La victoire de Trump à la présidentielle américaine risque de faire encore reculer le
droit à l’avortement aux Etats-Unis. Notamment par ce qu’il a un discours
masculiniste et misogyne.
Mais ce recul n’est pas isolé. En Europe, des pays comme la Pologne ou la Hongrie
adoptent également des politiques régressives.
En Hongrie, par exemple, un amendement oblige les femmes souhaitant avorter à
écouter les battements de cœur du fœtus. En Pologne, même dans les cas où le fœtus
est condamné, les médecins attendent sa mort naturelle avant d’intervenir. Ce qui met
en danger la vie des femmes.
Globalement, les politiques mises en œuvre aux USA tout comme dans de nombreux
pays d’Europe visent à renvoyer les femmes au foyer, à limiter leur indépendance et à
restreindre leur accès aux droits fondamentaux. Ces reculs sont liés à une montée de
l’extrême droite qui s’attaque systématiquement aux droits des femmes. Bref, en
somme, il est urgent de renforcer nos luttes pour les droits des femmes.
Comment Violaine Lucas analyse-t-elle la situation en France, avec la constitutionnalisation récente de l’IVG ?
C’est une victoire importante, mais fragile. Cette inscription dans la Constitution
protège l’IVG des revirements politiques soudains, comme nous l’avons vu aux
États-Unis. Toutefois, cela ne doit pas nous rendre complaisants : les moyens alloués
aux services publics et aux associations féministes s’amenuisent. Il faut aussi noter
que cette victoire a été le fruit d’une opportunité politique, plutôt que d’un projet
porté par l’exécutif. Nous devons rester vigilants.

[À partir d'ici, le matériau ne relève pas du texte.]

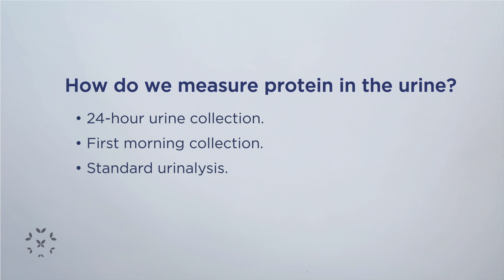We take the ratio of those — the urine protein concentration in milligrams per deciliter divided by the urine creatinine concentration in milligrams per deciliter. That gives us a ratio.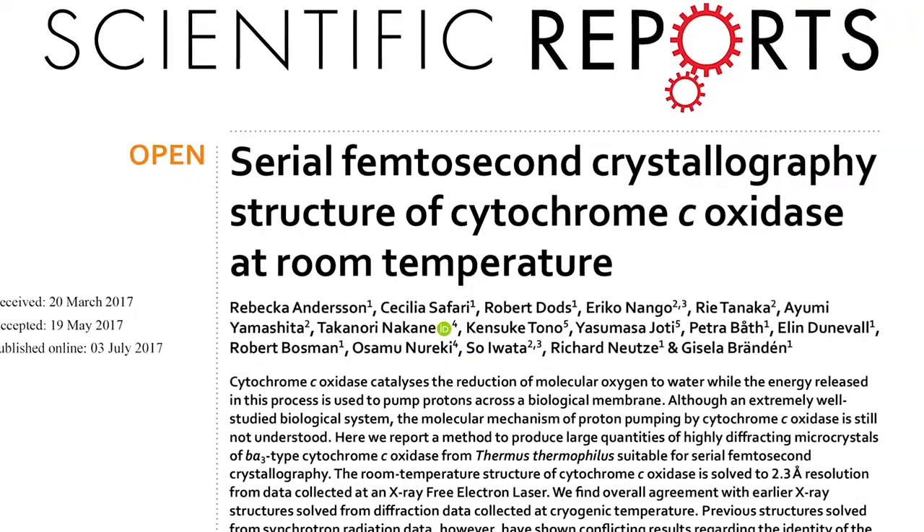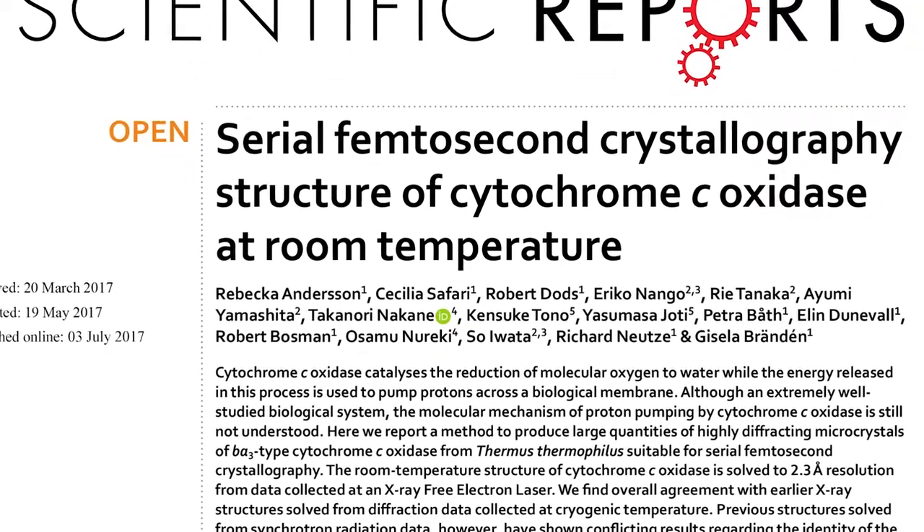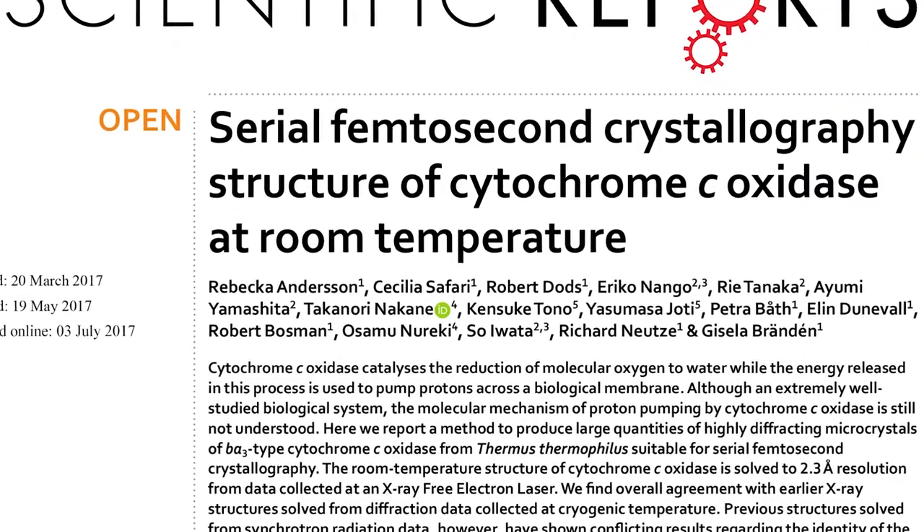One protein that I'm very interested in is cytochrome oxidase, which is the protein that uses oxygen that we breathe in. It uses this oxygen to convert energy into a form that the cell can then use for different processes.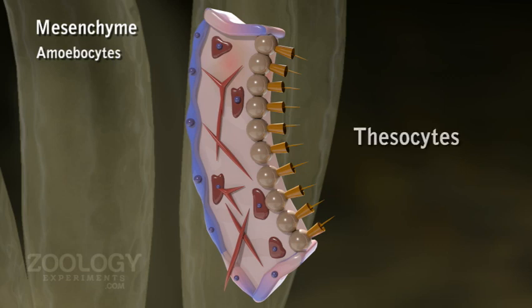Thesocytes have rounded pseudopodia and contain reserved food material. Chromatocytes carry colour pigments and are responsible for the colour of the sponge. Gland cells are secreting slime. Cells with thin branching pseudopodia are collenocytes, forming a sort of connective tissue. Myocytes are contractile thin cells present around the osculum and work as a sphincter.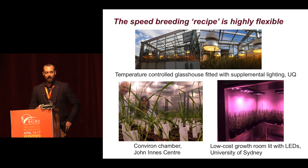It's pretty fast, and the really cool thing about speed breeding is that there's no one recipe — it's highly flexible in how you adopt this system. For instance, at UQ we have adopted temperature-controlled glasshouses fitted with supplemental lighting. At the John Innes Centre, they originally set up their Conviron growth chambers to accelerate their research. At the University of Sydney, they use a pretty innovative low-cost growth room lit exclusively with LEDs, using this system to speed up some of their rust research and back-crossing efforts targeting new rust resistance genes.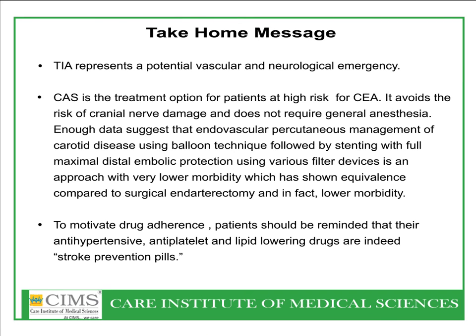The take-home message is: TIA represents a potential vascular neurological emergency. Carotid artery stenting is the treatment option for patients at high risk of CEA. It avoids the risk of cranial nerve damage and does not require general anesthesia. Newer techniques using balloon techniques followed by stenting with full maximal distal protection, and in some cases proximal protection using filter devices or proximal protection like the MoMA device, represent an approach with reasonably low morbidity. Patients should be reminded that their antihypertensive, antiplatelet, and lipid-lowering drugs are stroke prevention pills and should not be forgotten or missed.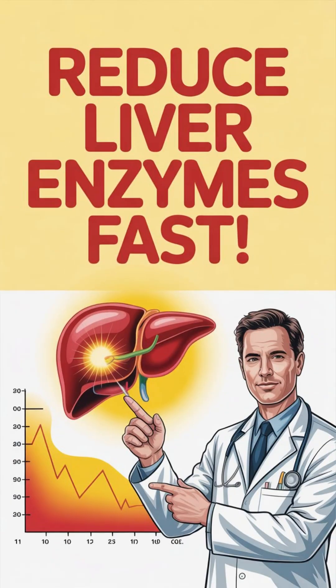High liver enzymes? Don't panic — most cases improve with simple daily habits. Here's how to lower them safely and quickly.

Concernant les débats autour de la définition du viol en France, quelles avancées espère Violaine Lucas ?
La notion de consentement dans la définition légale du viol serait déjà une avancée
importante. J’ai assisté au procès Mazan. À travers cette histoire, on a vu ô combien,
la culture du viol persiste.
D’ailleurs, nous souhaitons que lors des procès, le huis clos ne soit imposé qu’à la
demande des victimes, et non comme une règle automatique.
Quels messages Violaine Lucas souhaiterait transmettre aux nouvelles générations de femmes ?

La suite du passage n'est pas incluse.